#### Problem:
Each record should be written out exactly as given.

# # # #

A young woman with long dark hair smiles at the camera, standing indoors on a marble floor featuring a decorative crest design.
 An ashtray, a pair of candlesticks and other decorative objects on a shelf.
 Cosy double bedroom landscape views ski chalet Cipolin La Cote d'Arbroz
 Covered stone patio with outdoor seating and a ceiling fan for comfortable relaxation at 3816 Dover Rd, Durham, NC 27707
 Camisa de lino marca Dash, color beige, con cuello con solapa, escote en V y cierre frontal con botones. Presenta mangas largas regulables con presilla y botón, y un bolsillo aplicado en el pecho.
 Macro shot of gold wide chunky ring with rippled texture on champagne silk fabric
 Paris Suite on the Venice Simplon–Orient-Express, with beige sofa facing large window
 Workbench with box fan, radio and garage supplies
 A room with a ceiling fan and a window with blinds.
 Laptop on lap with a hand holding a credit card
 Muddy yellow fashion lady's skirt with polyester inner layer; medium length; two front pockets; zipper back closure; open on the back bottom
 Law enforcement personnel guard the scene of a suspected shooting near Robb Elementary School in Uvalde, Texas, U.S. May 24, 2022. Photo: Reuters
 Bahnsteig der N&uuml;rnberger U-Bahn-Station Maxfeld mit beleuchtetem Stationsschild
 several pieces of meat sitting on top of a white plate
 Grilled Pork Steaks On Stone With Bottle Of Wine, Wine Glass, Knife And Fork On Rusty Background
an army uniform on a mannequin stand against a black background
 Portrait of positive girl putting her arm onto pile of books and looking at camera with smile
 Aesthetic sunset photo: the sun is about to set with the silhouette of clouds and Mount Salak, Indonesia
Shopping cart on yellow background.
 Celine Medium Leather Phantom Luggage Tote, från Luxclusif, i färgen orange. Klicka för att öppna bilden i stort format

# # # #

#### Exercise response:
A young woman with long dark hair smiles at the camera, standing indoors on a marble floor featuring a decorative crest design.
 An ashtray, a pair of candlesticks and other decorative objects on a shelf.
 Cosy double bedroom landscape views ski chalet Cipolin La Cote d'Arbroz
 Covered stone patio with outdoor seating and a ceiling fan for comfortable relaxation at 3816 Dover Rd, Durham, NC 27707
 Camisa de lino marca Dash, color beige, con cuello con solapa, escote en V y cierre frontal con botones. Presenta mangas largas regulables con presilla y botón, y un bolsillo aplicado en el pecho.
 Macro shot of gold wide chunky ring with rippled texture on champagne silk fabric
 Paris Suite on the Venice Simplon–Orient-Express, with beige sofa facing large window
 Workbench with box fan, radio and garage supplies
 A room with a ceiling fan and a window with blinds.
 Laptop on lap with a hand holding a credit card
 Muddy yellow fashion lady's skirt with polyester inner layer; medium length; two front pockets; zipper back closure; open on the back bottom
 Law enforcement personnel guard the scene of a suspected shooting near Robb Elementary School in Uvalde, Texas, U.S. May 24, 2022. Photo: Reuters
 Bahnsteig der N&uuml;rnberger U-Bahn-Station Maxfeld mit beleuchtetem Stationsschild
 several pieces of meat sitting on top of a white plate
 Grilled Pork Steaks On Stone With Bottle Of Wine, Wine Glass, Knife And Fork On Rusty Background
an army uniform on a mannequin stand against a black background
 Portrait of positive girl putting her arm onto pile of books and looking at camera with smile
 Aesthetic sunset photo: the sun is about to set with the silhouette of clouds and Mount Salak, Indonesia
Shopping cart on yellow background.
 Celine Medium Leather Phantom Luggage Tote, från Luxclusif, i färgen orange. Klicka för att öppna bilden i stort format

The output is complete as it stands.